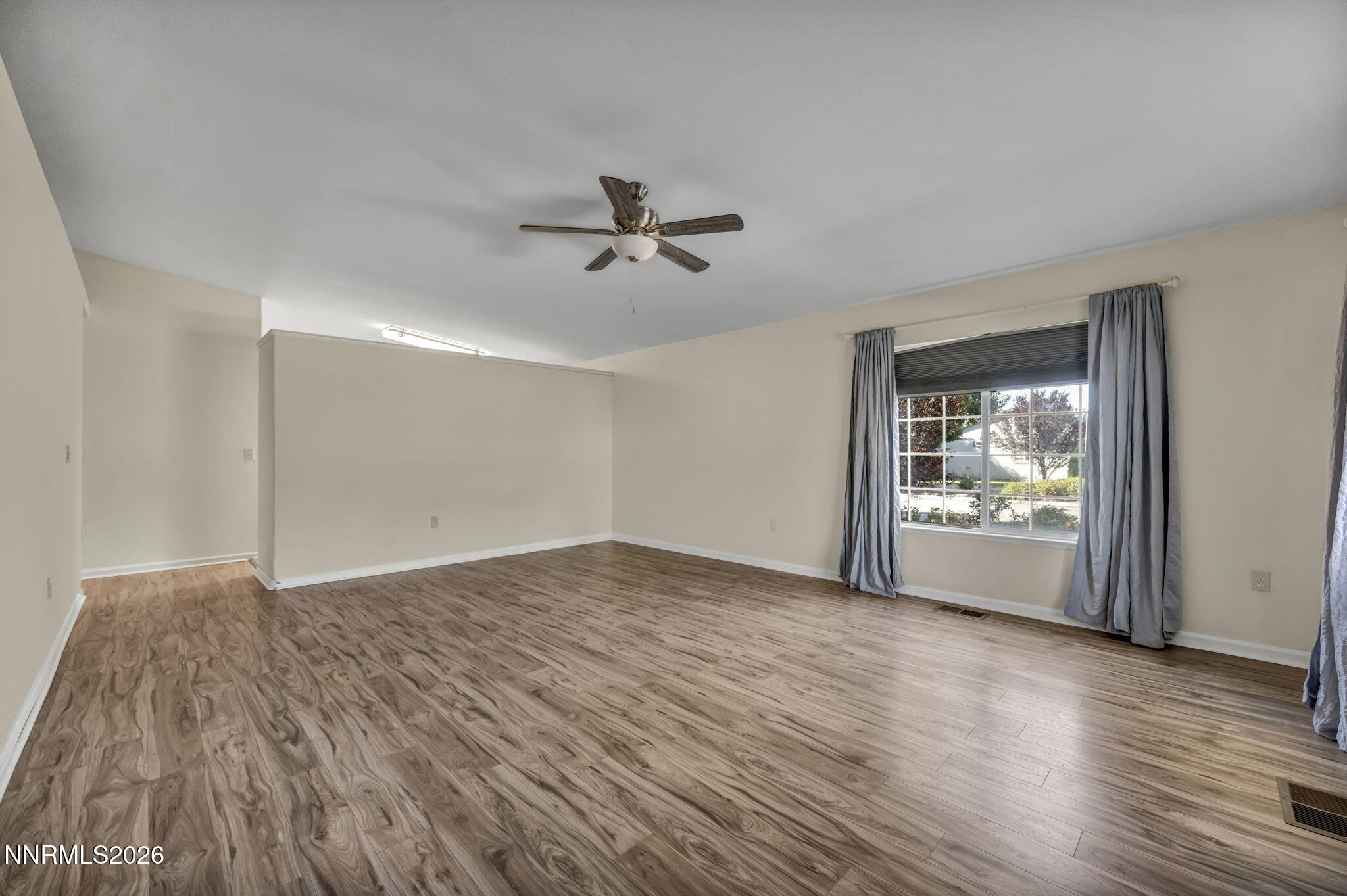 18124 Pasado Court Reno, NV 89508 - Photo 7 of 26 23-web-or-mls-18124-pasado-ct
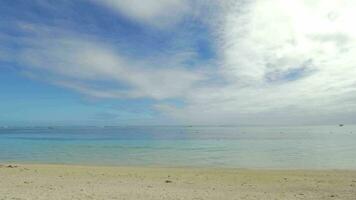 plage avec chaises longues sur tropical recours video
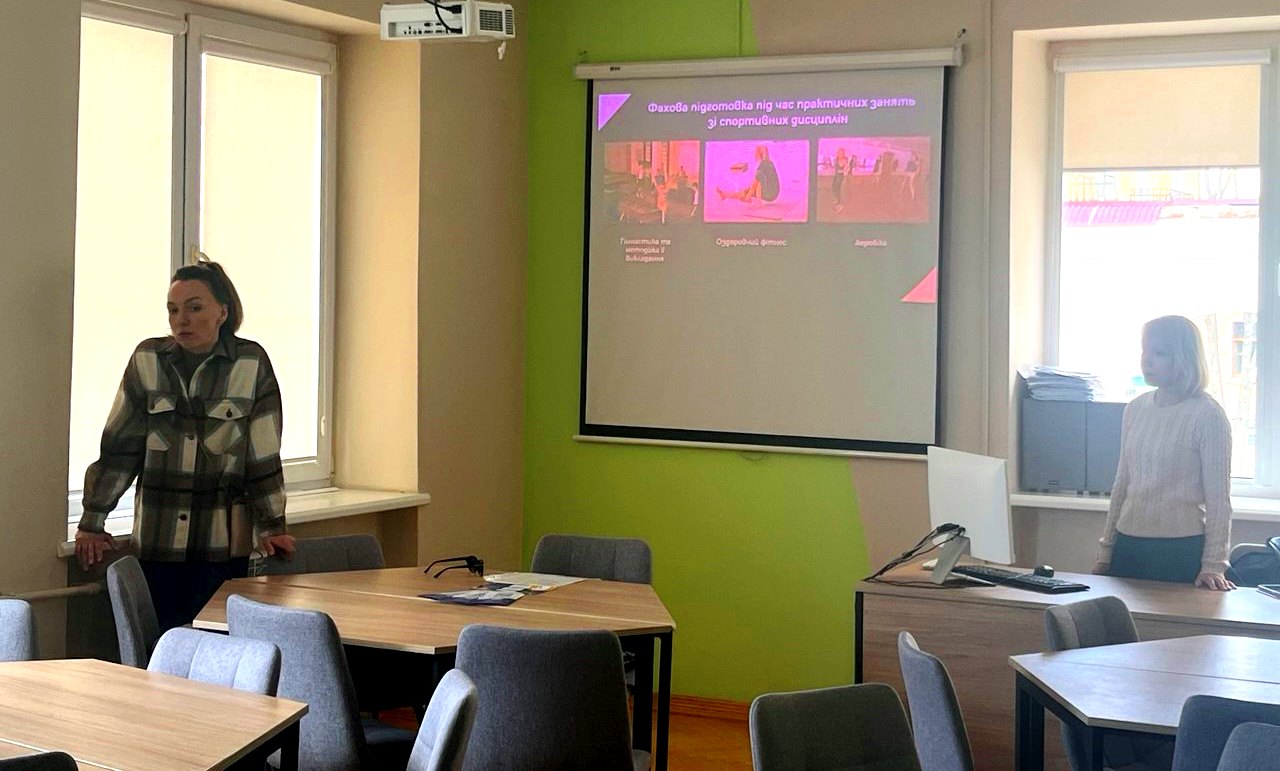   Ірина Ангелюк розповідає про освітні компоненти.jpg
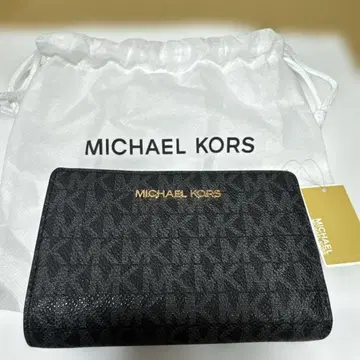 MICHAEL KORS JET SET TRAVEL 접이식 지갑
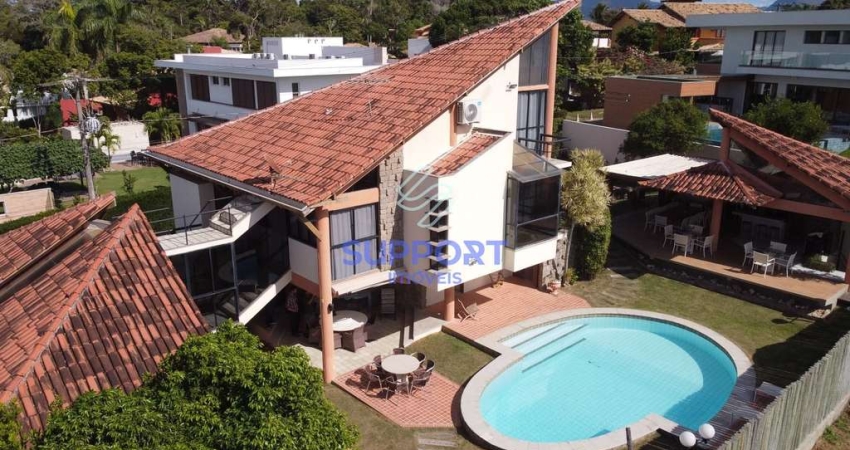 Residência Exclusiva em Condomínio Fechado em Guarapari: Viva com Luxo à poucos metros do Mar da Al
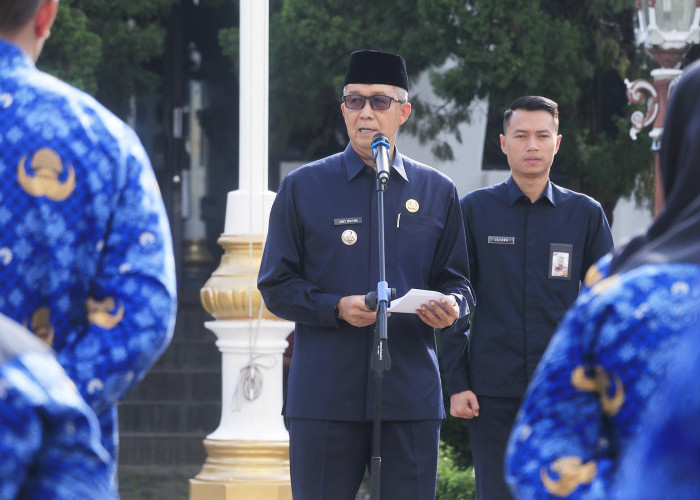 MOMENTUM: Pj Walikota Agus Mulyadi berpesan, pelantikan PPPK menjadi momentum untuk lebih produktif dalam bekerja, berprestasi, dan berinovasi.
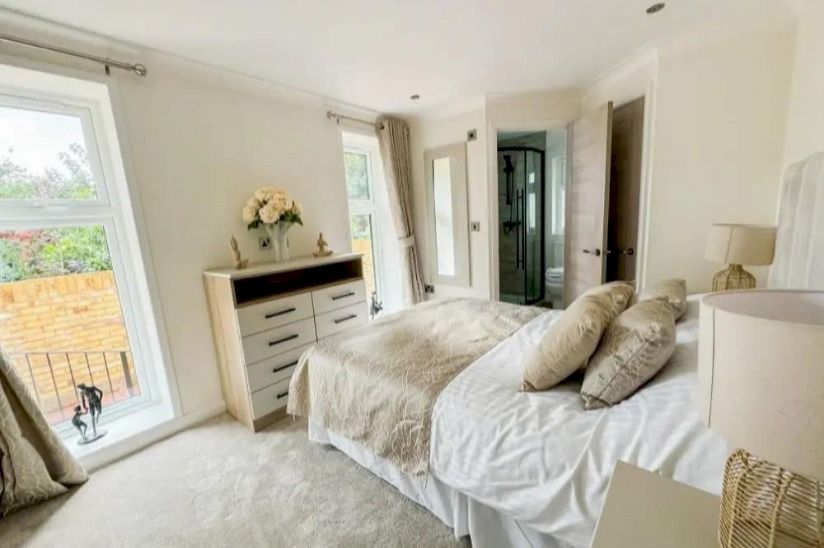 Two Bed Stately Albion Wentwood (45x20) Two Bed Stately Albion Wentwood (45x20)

----

WHAT IS BEING ASKED: Starting at the line that contains "Ірина Ангелюк розповідає", restate each line verbatim through the final line of the listing, skipping all pictures.

RESPONSE TO THE EXERCISE:
   Ірина Ангелюк розповідає про освітні компоненти.jpg
 MICHAEL KORS JET SET TRAVEL 접이식 지갑
 Residência Exclusiva em Condomínio Fechado em Guarapari: Viva com Luxo à poucos metros do Mar da Al
 MOMENTUM: Pj Walikota Agus Mulyadi berpesan, pelantikan PPPK menjadi momentum untuk lebih produktif dalam bekerja, berprestasi, dan berinovasi.
 Two Bed Stately Albion Wentwood (45x20) Two Bed Stately Albion Wentwood (45x20)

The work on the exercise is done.